Krasnaya Polyana, the mountain village forty minutes up into the Caucasus above Sochi, became the centerpiece of the 2014 Winter Olympics and now wears the infrastructure of that event like a suit bought for someone else. The cable cars are excellent and the views from the upper stations are extraordinary — forty kilometers of mountain range in both directions, the Black Sea glinting to the west — but there is a certain ghostliness to the purpose-built resort areas, the hotels still oversized for regular footfall. The skiing in winter is genuinely good; the hiking in summer is better.

Stalin’s dacha, a twenty-minute drive from the center, is the strangest tourist attraction in a region not short of them.

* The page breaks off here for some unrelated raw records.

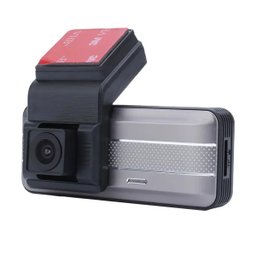 Camera Veicular Duo Automotiva Wifi Lente Dupla Alta Definição Cartao de Memoria Visor Gravador Moto - 6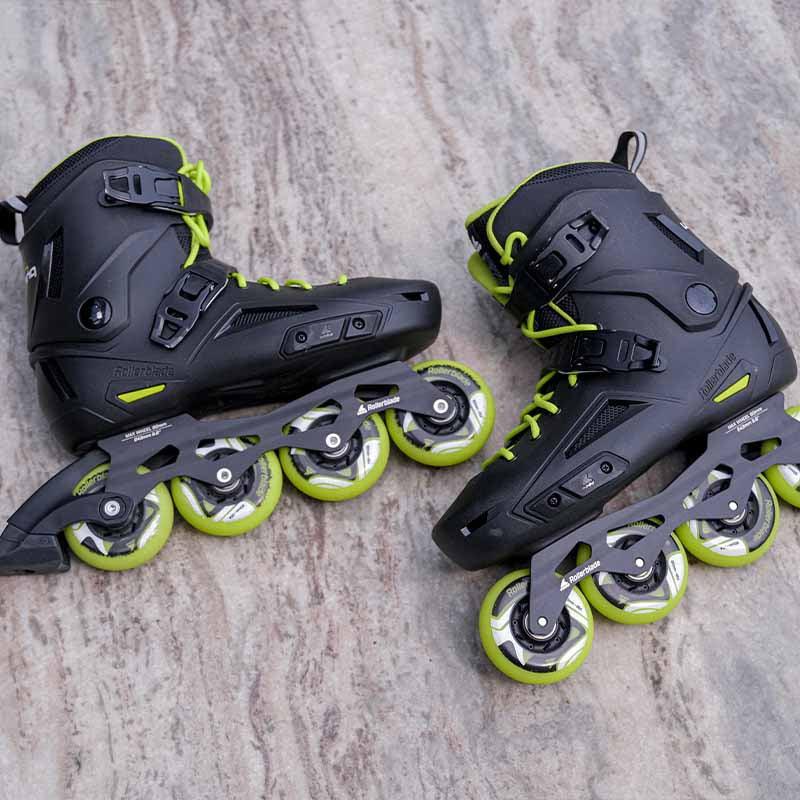 Rollerblade Lightning 80 Skates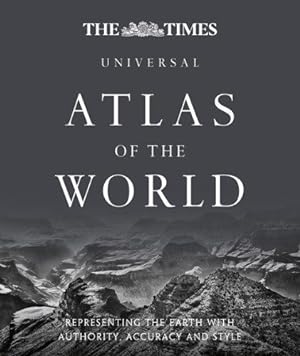 Imagen del vendedor de The Times Atlas of the World: Universal Edition a la venta por WeBuyBooks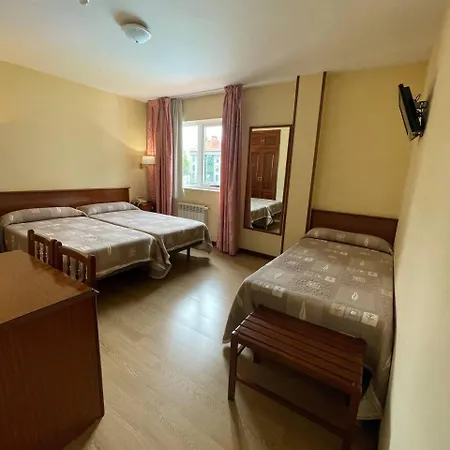 Pension Capital De Galicia 호텔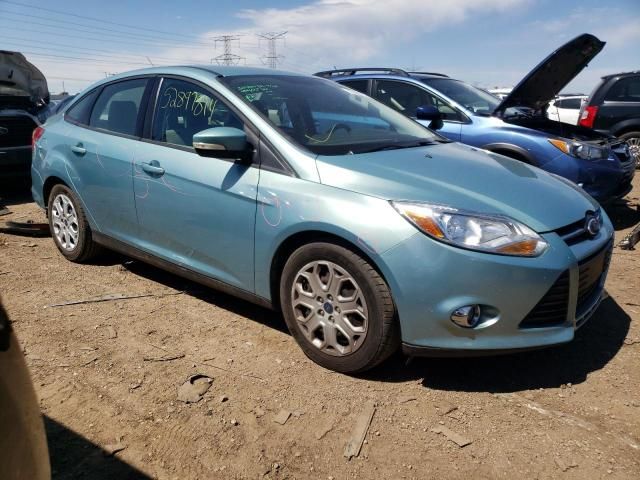 2012 Ford Focus SE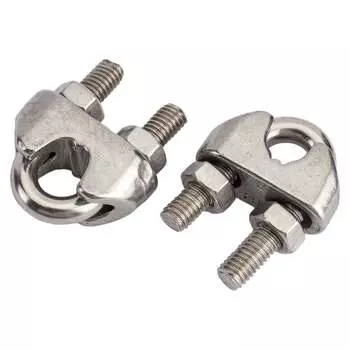 Канатный зажим КРЕП-КОМП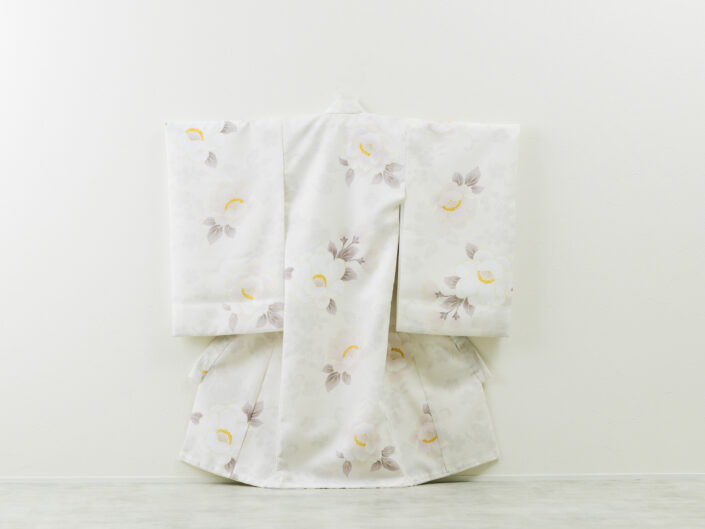 #BG-03 / 女の子初着産着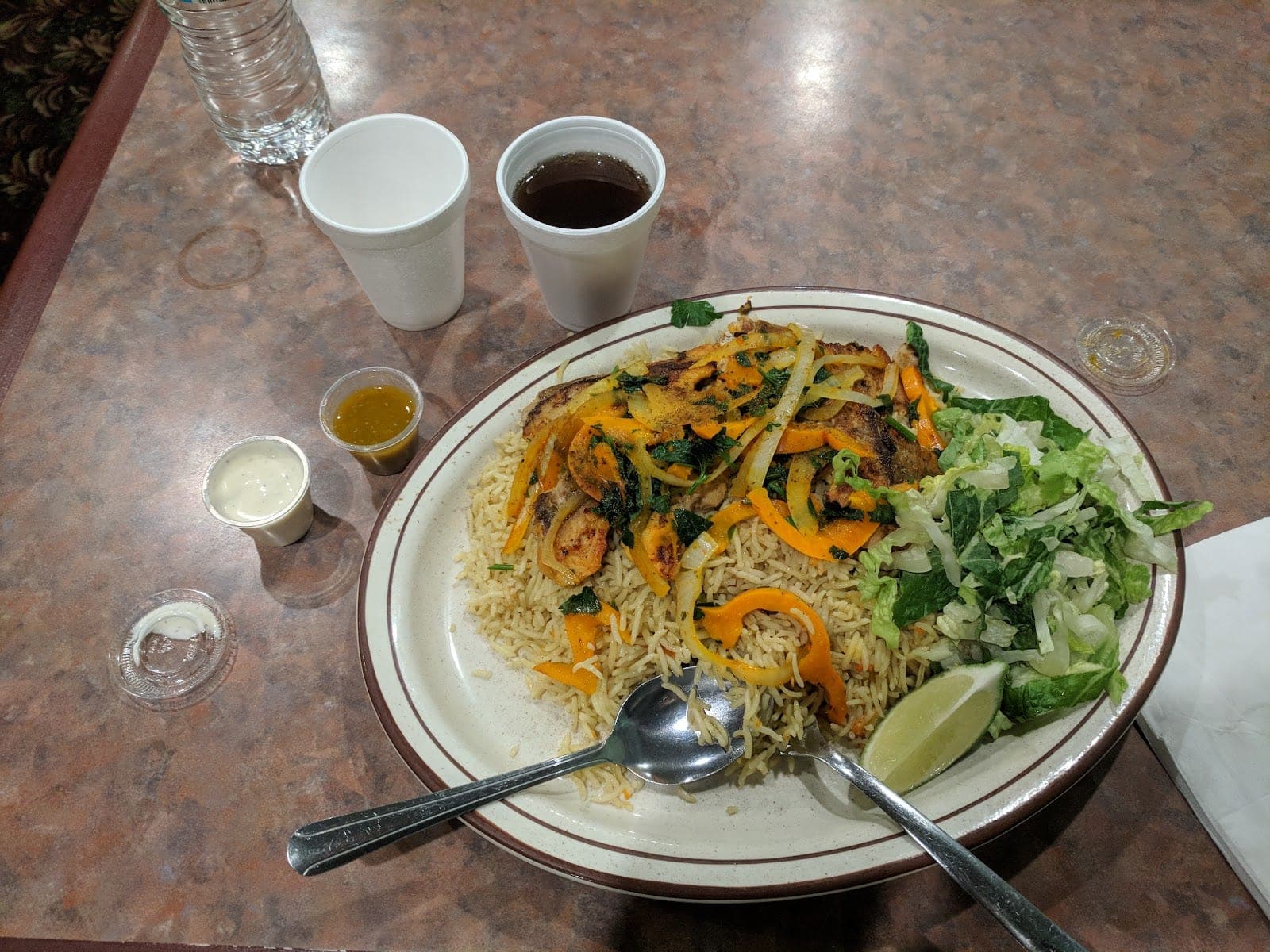 Hamdi Restaurant — photo 3
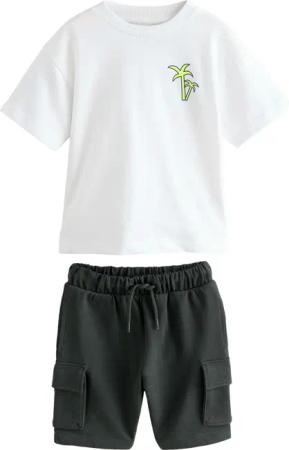 Next T-Shirt & Shorts T-Shirt und
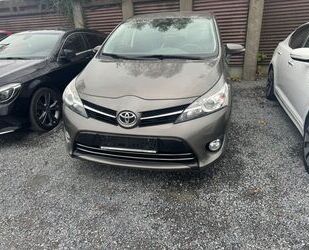 Toyota Toyota Verso Edition Gebrauchtwagen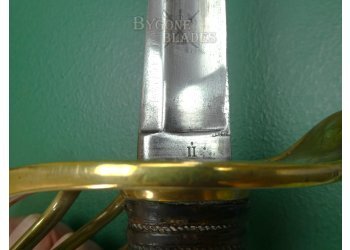 French/Belgian M1822 Heavy Cavalry Sabre. Bancal. #2306023 #15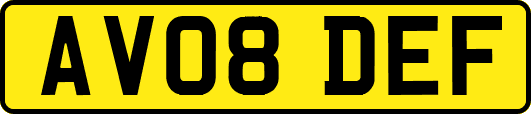 AV08DEF
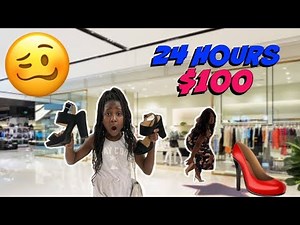 Last To Stop Wearing High Heels Wins $100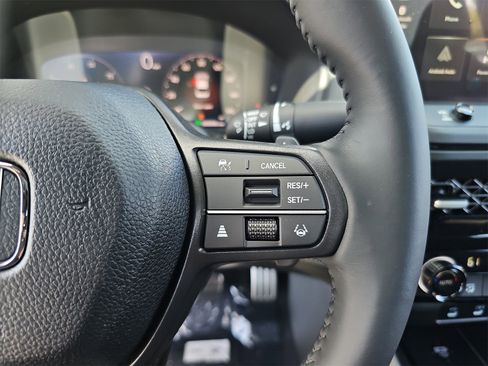 New 2025 Honda Accord Sport image 18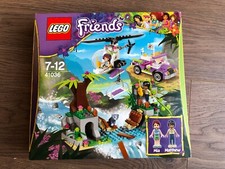 LEGO FRIENDS 41036 SALVATAGGIO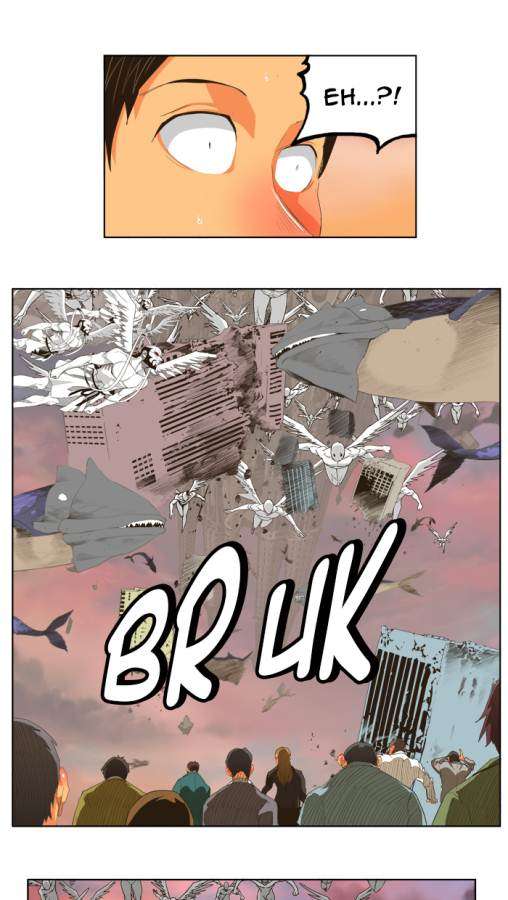 The God of High School Chapter 274 - halaman 26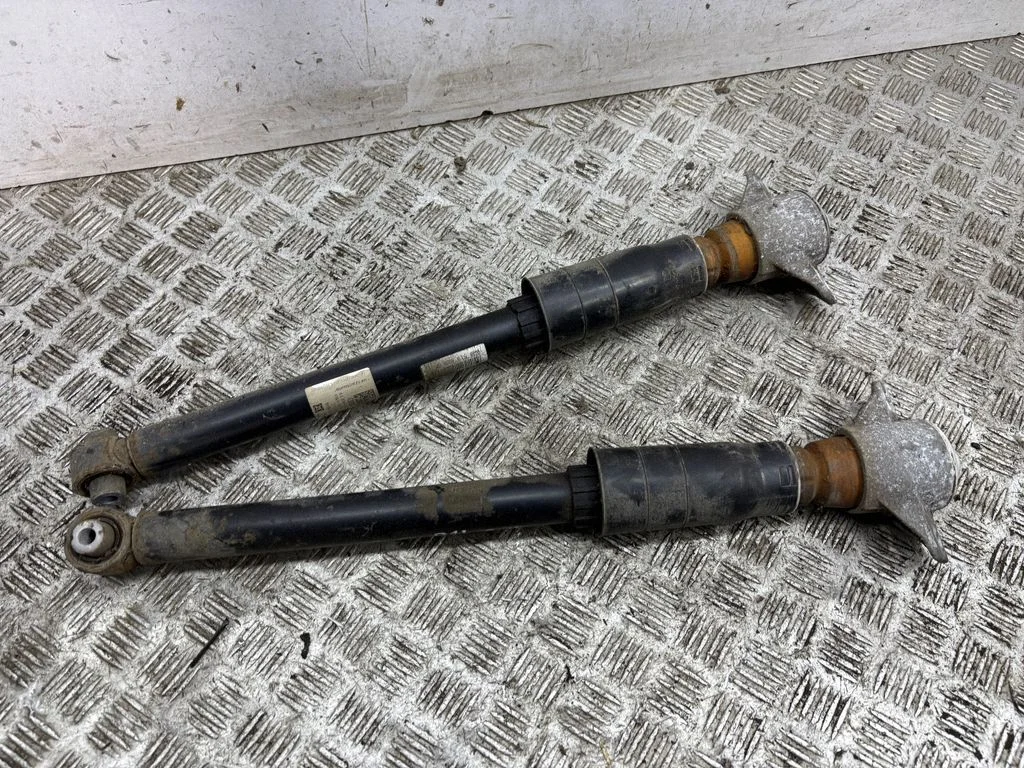 Rear shock absorber/damper 8W0513035AJ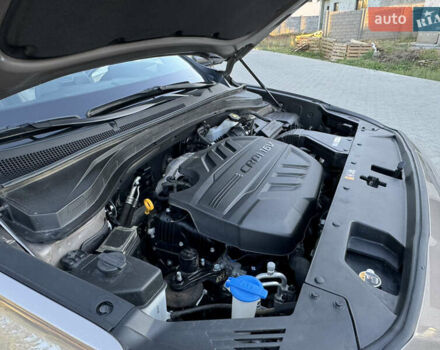 Коричневый Хендай Санта Фе, объемом двигателя 2.2 л и пробегом 61 тыс. км за 37000 $, фото 42 на Automoto.ua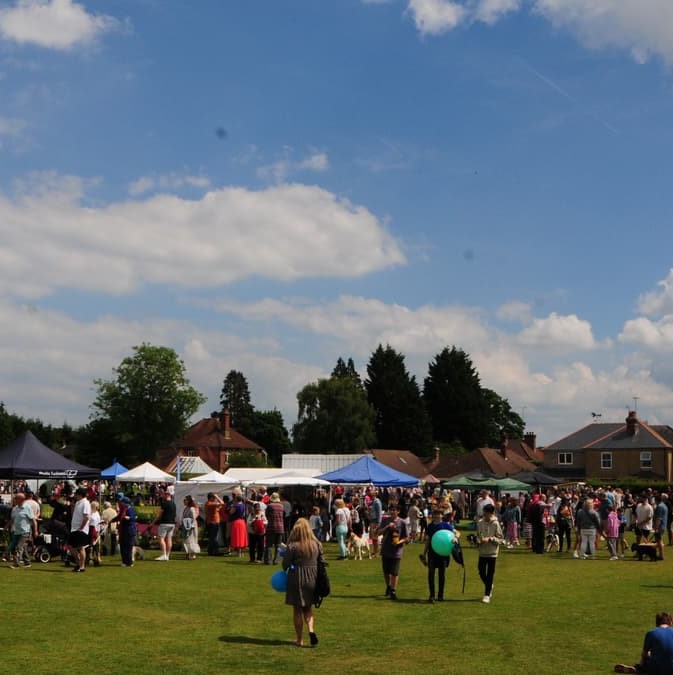 Rowledge Village Fayre – 25th May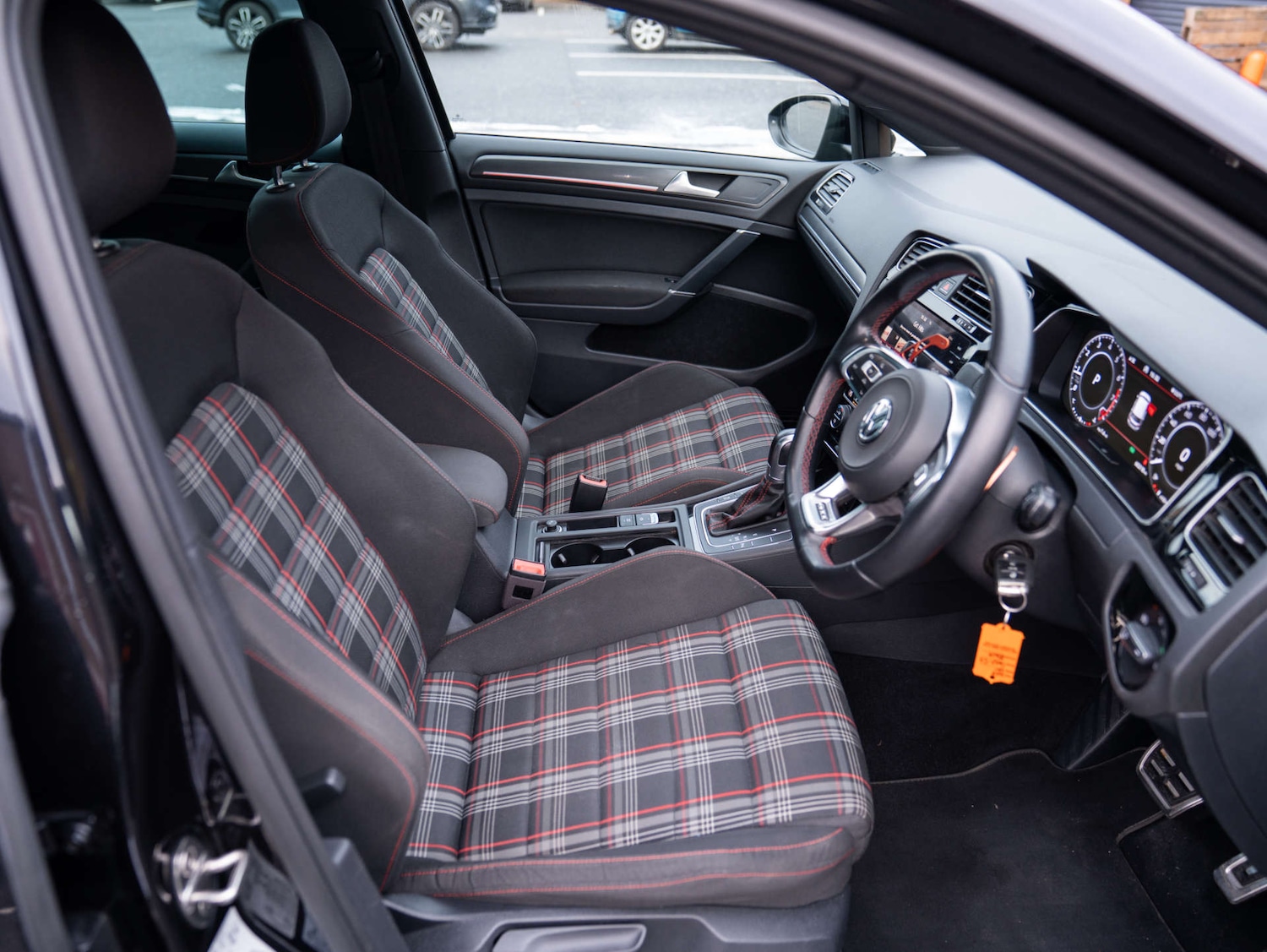 Used Volkswagen Golf 2018 for sale - 77209977: Photo 12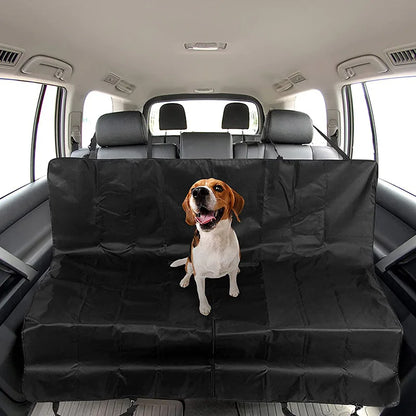 Car Rear Seat Cover for Traveling pets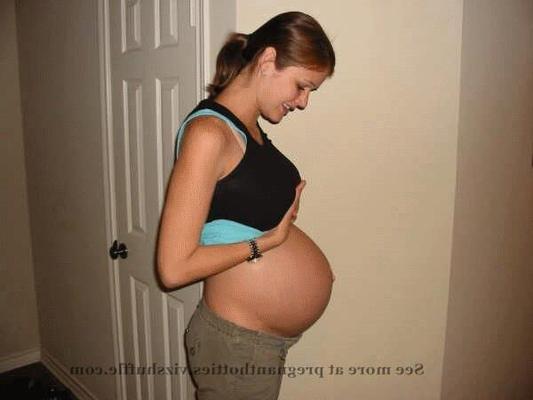 Pregnant Hotties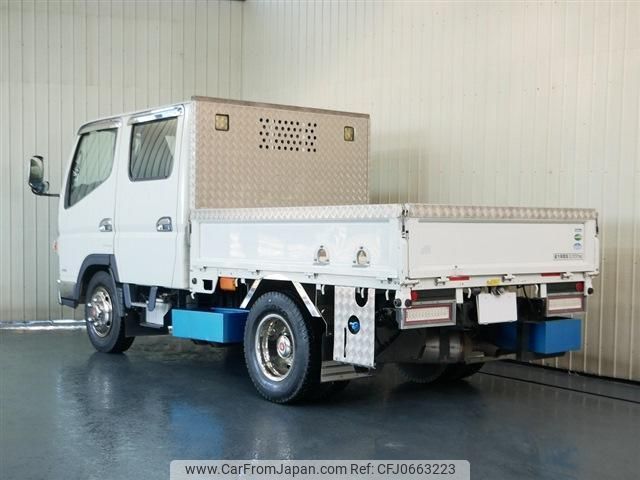 mitsubishi-fuso canter 2018 quick_quick_TPG-FBA20_FBA20-572095 image 2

The building is frozen precisely as it was at his death in 1953 — the billiard table, the dining table set for fourteen, the bedroom with its single military bed and the green walls he insisted on painting every room because he believed it calmed him. A guide in a voice entirely free of editorial judgment explains that the bowls of fruit on the tables were replaced every day for fifteen years after his death, because no one could quite bring themselves to stop. I stood in the billiard room for a long time afterward, trying to understand what I was looking at.
When to go: June through September for the beach and the sea swimming. December through March for skiing at Krasnaya Polyana. May and October are underrated: warm enough to swim, thin enough on tourists to feel like the city belongs to the people who live there.